◆ Activity ◆
From the line containing "OY67GOJ Audi A4" to the final line of the material below, return every line exactly. Do not include pictures.

◆ Collected material ◆
○ ○ ○

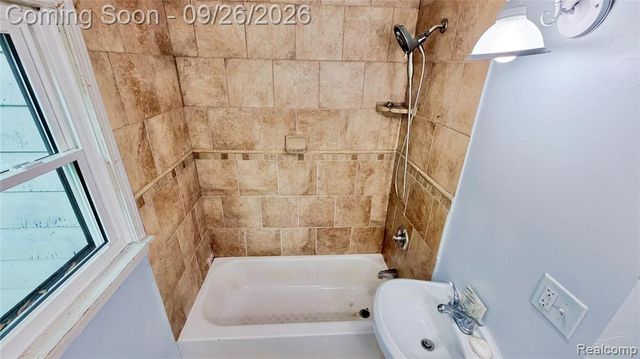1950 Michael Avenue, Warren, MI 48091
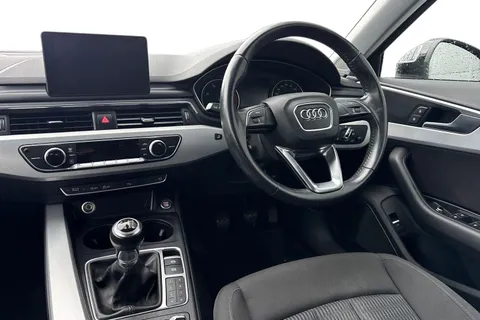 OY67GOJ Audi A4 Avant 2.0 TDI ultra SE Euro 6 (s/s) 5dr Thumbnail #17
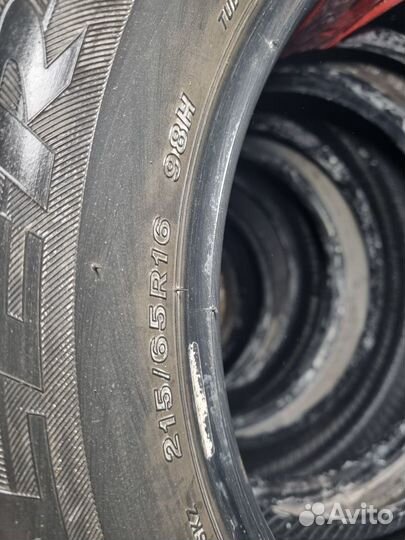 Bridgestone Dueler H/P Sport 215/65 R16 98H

○ ○ ○

◆ Result for this task ◆
 OY67GOJ Audi A4 Avant 2.0 TDI ultra SE Euro 6 (s/s) 5dr Thumbnail #17
 Bridgestone Dueler H/P Sport 215/65 R16 98H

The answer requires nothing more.